Summing up here, the Commission issued a non-binding document relying on the non-binding UN document providing its interpretation of the definition of UM diluting it by introducing a notion of the separated child absent in binding legal instruments.

Next, the status of UM is directly linked with those adults who are traveling with them. So, the Commission again “legislated” by stating “[t]here are two other categories of children who are not strictly speaking ‘unaccompanied’ or ‘separated’, but who also need additional protection and guarantees as the latter.”

According to the Commission, these are: – children from the Ukrainian institutions, who often arrive to the EU in groups and accompanied by a guardian appointed by the competent Ukrainian authorities, and – children who arrive on the territory of the EU accompanied by a guardian appointed by the competent Ukrainian authorities.

What is the “additional protection” was not clarified, nor its correlation with the temporary protection?

So navigating here independently, it is necessary to mention that simultaneously the Commission in relation to the question of guardians referred to the 1996 Hague Convention on the protection of children. Specifically, it was mentioned that “sometimes acts issued by the Ukrainian authorities to appoint guardians are not directly recognised – as they should, under the 1996 Hague Convention on the protection of children”.

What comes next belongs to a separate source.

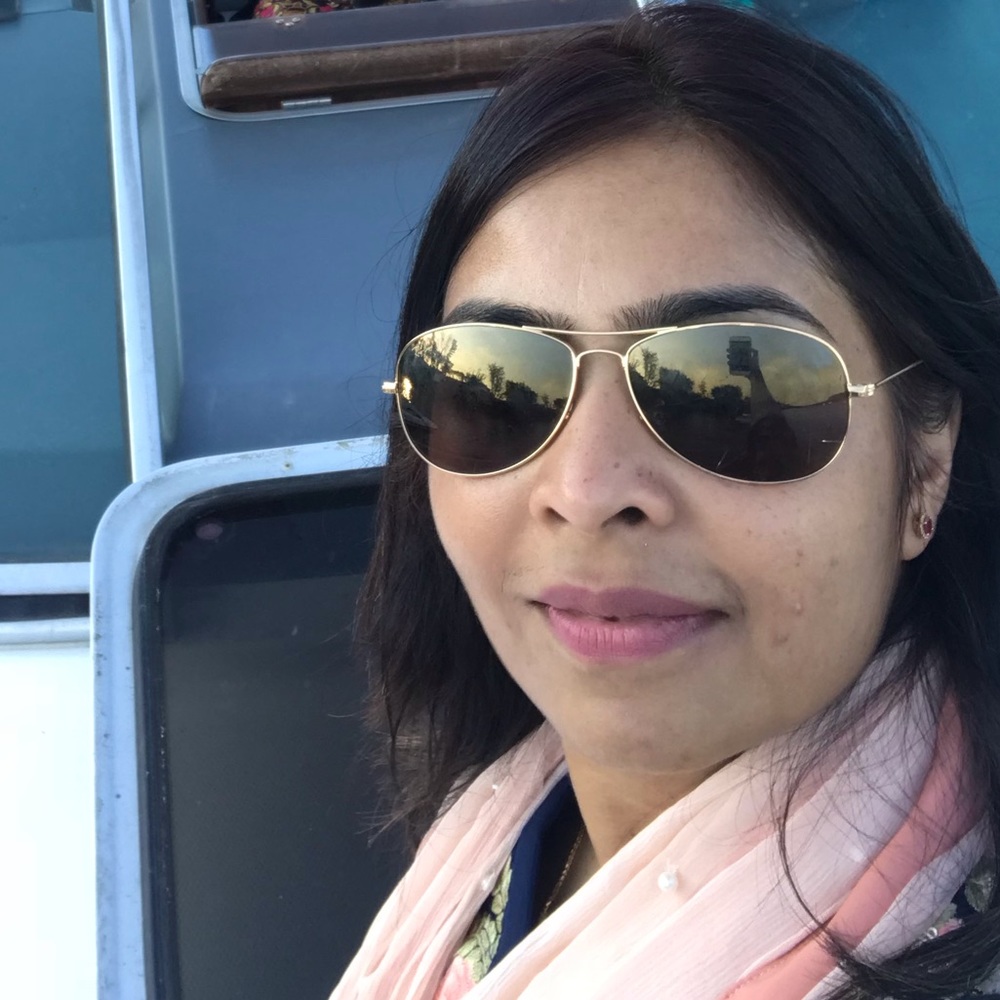 Meet your Posher, Kaneez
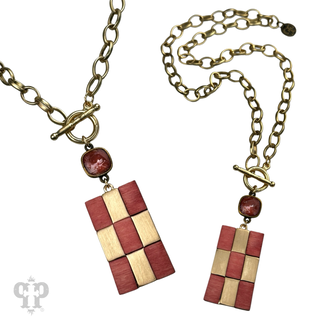 Checkerboard pattern pendant necklace with Austrian crystal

Unfortunately, there was no clarification on the specific issues, cases, documents, countries. That is why the only possible way to deal with this issue is to infer Article 40 of the named Convention. It says that the capacity and powers indicated in the certificate delivered to a person having parental responsibility in the broad sense by the State of a child’s habitual residence are presumed to be vested in that person, in the absence of proof to the contrary.

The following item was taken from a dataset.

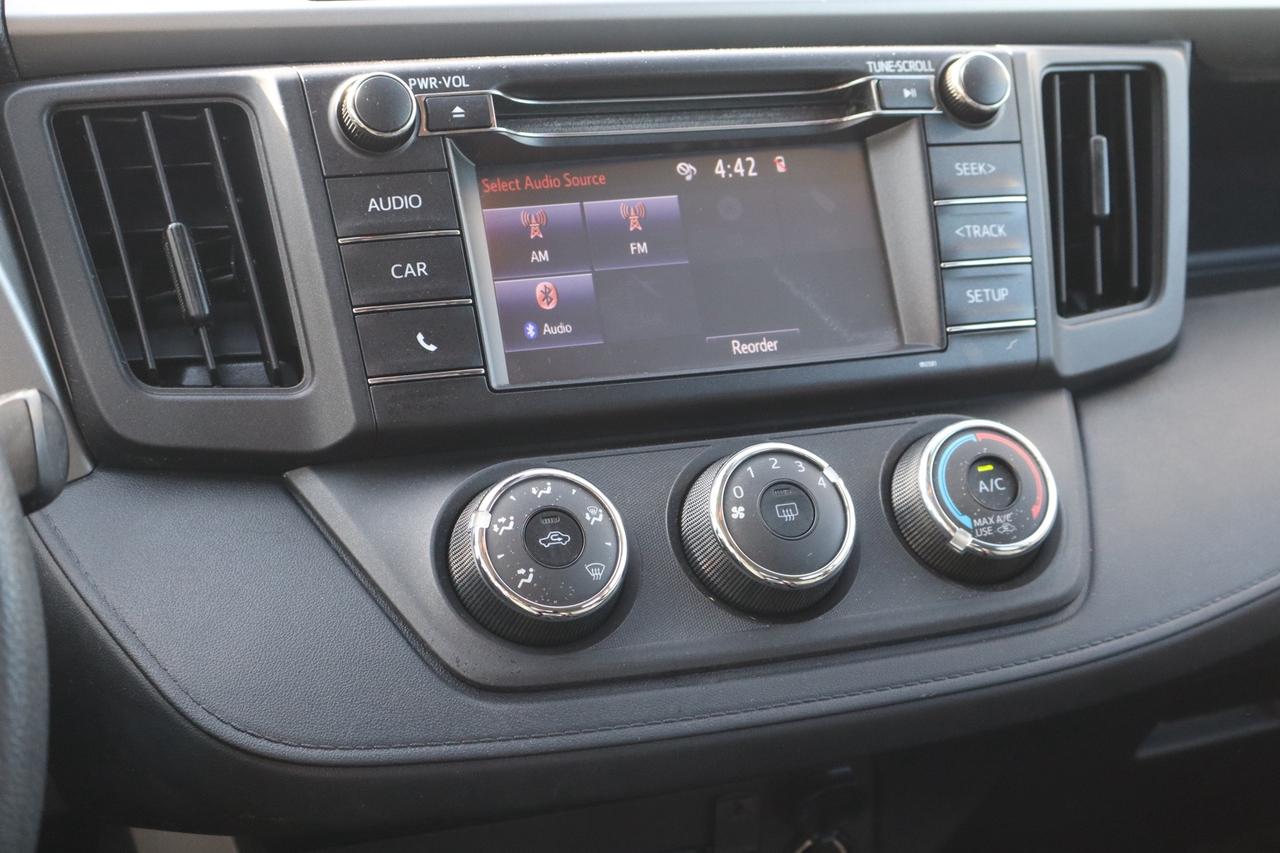 2018 Toyota RAV4 LE AWD Photo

Consequently, the question is what kind of proofs to the contrary were presented by the MSs to deauthorize the legal representatives appointed by the Ukrainian authorities? Another example from Italy in this relation, a grandmother traveling with a girl was not recognized as a legal guardian despite Ukrainian authorizing documents. Now, the mother of the girl is trying to reunite with her daughter in the Italian court.

As a final conclusion, six months into the war it is less and less clear who the UM from Ukraine are. Inconsistencies between the MSs approaches should be overcome only by legislating at the EU level and amending inter alia the TPD. Inconsistencies between Ukraine and the EU should be overcome by joining the efforts of the EU and Ukrainian central authorities. In any case, family reunification and voluntary return prescribed by the TPD must be respected.